With aching arms, legs and hands, the poolees faced each other in a tug-of-war tournament. As the final competition, the tug-of-war was a test of strength and agility that ensured all the poolees expended their last bit of energy as a team.
“It is important for the poolees to get the idea that in the Marine Corps, no one fails or succeeds alone. No one person is stronger than the weakest part of any team,” explained Staff Sgt. William R. LeMasters, the staff noncommissioned officer in charge of RSS Akron. “No matter where they go in the Marine Corps, they will have to work with people they aren’t familiar with and still be able to accomplish the mission at hand.”

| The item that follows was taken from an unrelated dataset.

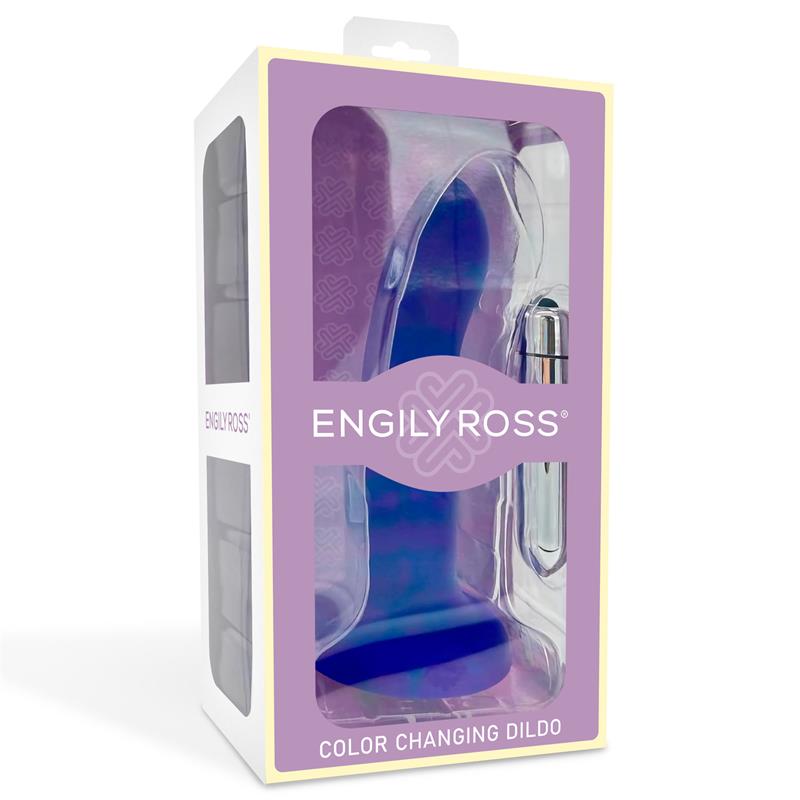 Dildo Que Cambia De Color Azul A Púrpura Con Vibración Talla M Silicona Líquida 17 Cm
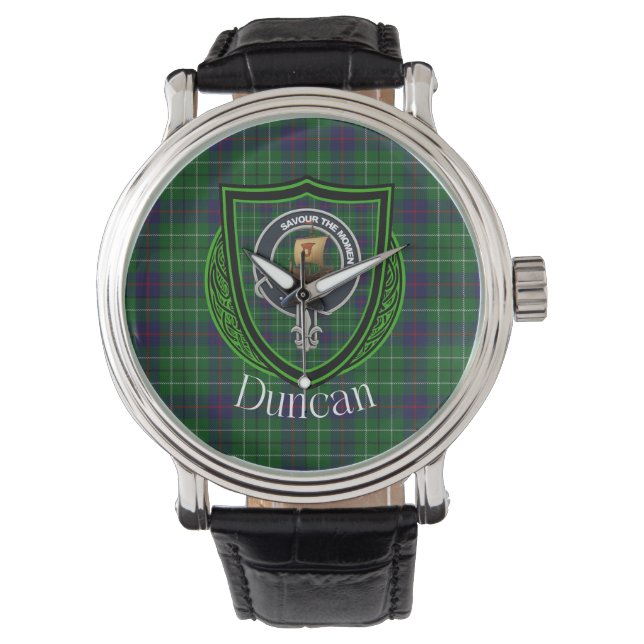 Relógio Duncan Scottish Clan Tartan and Crest (Frente)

After the physical portion of the field meet, the Poolees sat down with their teams to enjoy the finest Marine Corps chow: Meals, Ready-to-Eat. Marines like Pfc. Aaron Byard joined the poolees for lunch and told them about his recent experience, training at Marine Corps Recruit Depot Parris Island, S.C.
“Everything at boot camp is done as a team.” Byard said to a captive audience. “Whether you’re polishing brass for hours on end or firing on the rifle range, you’re always with your team.”
In closing, Byard told the poolees how teamwork played a large role in the crucible, the 3-day culminating exercise at recruit training.
“At Parris Island, you learn that the most powerful thing about teamwork is that the team is made up of individuals that come from all over the east coast. They come together from different places and backgrounds for the common good. That’s what the Marine Corps is all about.”